Não precisamos chegar ao extremo de um ”contrato” de trabalho por comida e alimentação – se bem que o projeto de Reforma Trabalhista Rural, que circulou até ser execrado pela sociedade, propunha algo bem semelhante a isso. O projeto de Reforma Trabalhista que será votado hoje vai garantir muitas formas criativas de precarização do trabalho através da redução dos custos trabalhistas – seja via a ”livre” negociação com sindicatos fracos ou corruptos, seja através da terceirização ampla, com a redução de condições de saúde e segurança.

O pior: o projeto também impõe entraves à Justiça do Trabalho, responsável, até agora, por garantir que o mercado de trabalho não funcione (apenas) com base na lei da selva, ou seja, na sobrevivência do mais forte.

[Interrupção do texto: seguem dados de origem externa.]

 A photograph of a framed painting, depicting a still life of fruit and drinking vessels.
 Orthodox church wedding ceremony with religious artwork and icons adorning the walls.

Paradigmático, portanto, que Rodrigo Maia (DEM-RJ) esteja muito próximo de ser o novo ocupante da Presidência da República. Ele, que afirmou que ”o excesso de regras no mercado de trabalho gerou 14 milhões de desempregados”, também disse que a ”Justiça do Trabalho não deveria nem existir”.

De todas as novas ações judiciais movidas no país, a mais frequente são reclamações por ”rescisão do contrato de trabalho e verbas rescisórias”. Esse item representou 11,75% do total ou 4.980.359 novas ações, sendo o assunto mais recorrente de todo o Poder Judiciário brasileiro. Dentro apenas da Justiça do Trabalho, o tema corresponde à quase metade (49,47%) dos novos casos. Os dados fazem parte do Relatório Justiça em Números 2016 (ano-base 2015), produzido pelo Conselho Nacional de Justiça (CNJ).

A Reforma Trabalhista está prestes a acabar com essas reclamações transformando o que é hoje ”errado” em ”certo”, num passe de mágica, e tornando inócuas reclamações de trabalhadores sobre suas próprias condições de trabalho. Tudo em nome de uma ideia questionável de desenvolvimento.

Para os poderes político e econômico, chegou a hora do trabalhador brasileiro dar (mais) uma cota de sacrifício. O dia de hoje pode ficar marcado como aquele em que nos aproximamos de algumas nações estrangeiras no que diz respeito à condição de vida dos trabalhadores. Bangladesh, Camboja, Somália, aí vamos nós.